*EXERCISE DATA*:
[Start of section]

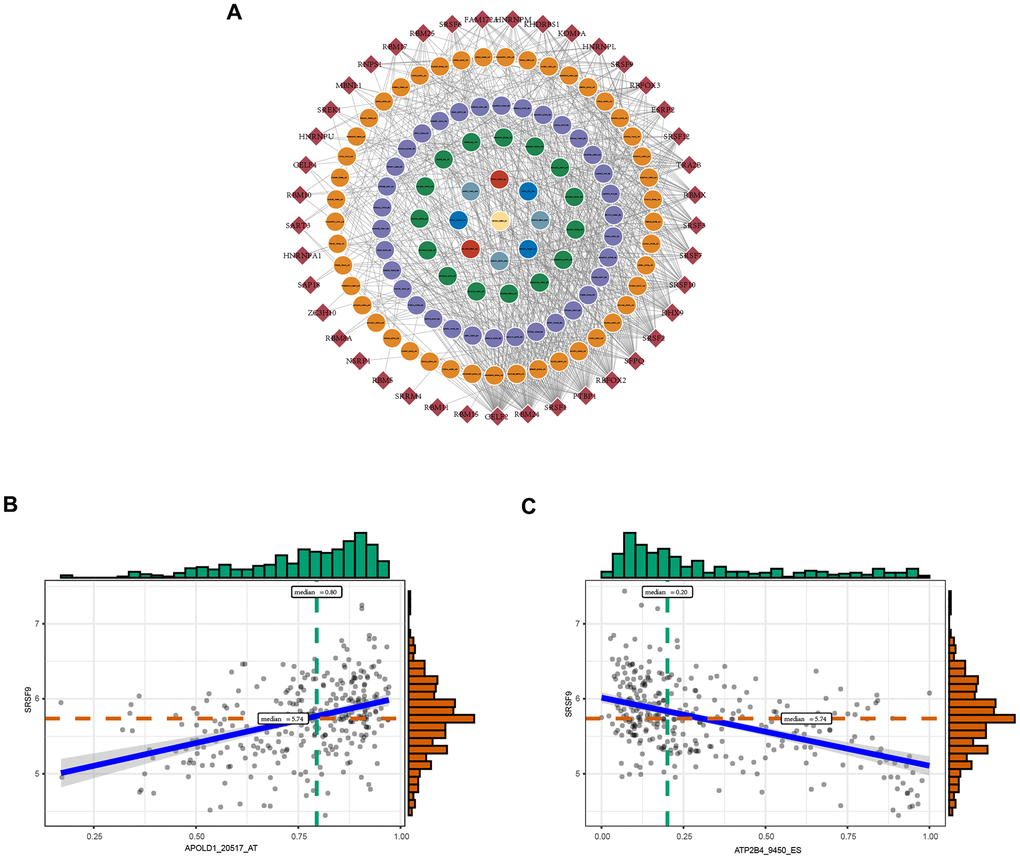 The regulatory splicing correlation network in GC. (A) The correlation of OS-GCAS events with SFs is shown in network plots. The circular node represents the OS-GCAS event. The diamond node represents the SF. (B) Representative positive correlations between OS-GCAS events and SFs are shown in scatter plots. (C) Representative negative correlations between OS-GCAS events and SFs are shown in scatter plots.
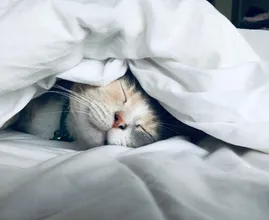 This is the secret to a good night's sleep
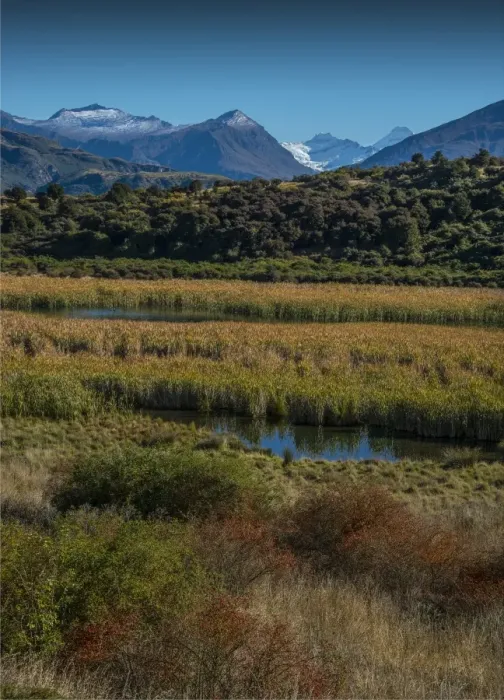 Framed Print : Glendhu bay view, South Island, New Zealand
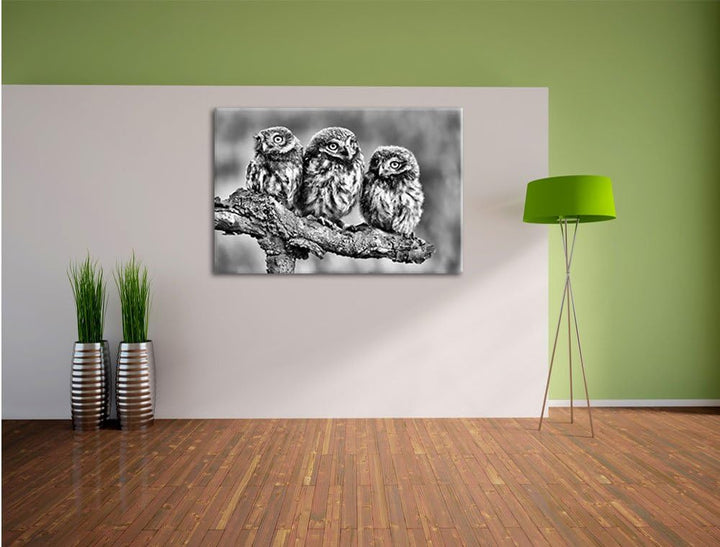 Pixxprint DREI Eulen auf AST als Leinwandbild/Grösse: 100x70 cm/Wandbild/Kunstdruck/fertig bespannt,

[End of section]

*EXERCISE DIRECTIONS*: Return every line of the listing exactly, leaving its pictures behind.

*YOUR RESPONSE*:
 The regulatory splicing correlation network in GC. (A) The correlation of OS-GCAS events with SFs is shown in network plots. The circular node represents the OS-GCAS event. The diamond node represents the SF. (B) Representative positive correlations between OS-GCAS events and SFs are shown in scatter plots. (C) Representative negative correlations between OS-GCAS events and SFs are shown in scatter plots.
 This is the secret to a good night's sleep
 Framed Print : Glendhu bay view, South Island, New Zealand
 Pixxprint DREI Eulen auf AST als Leinwandbild/Grösse: 100x70 cm/Wandbild/Kunstdruck/fertig bespannt,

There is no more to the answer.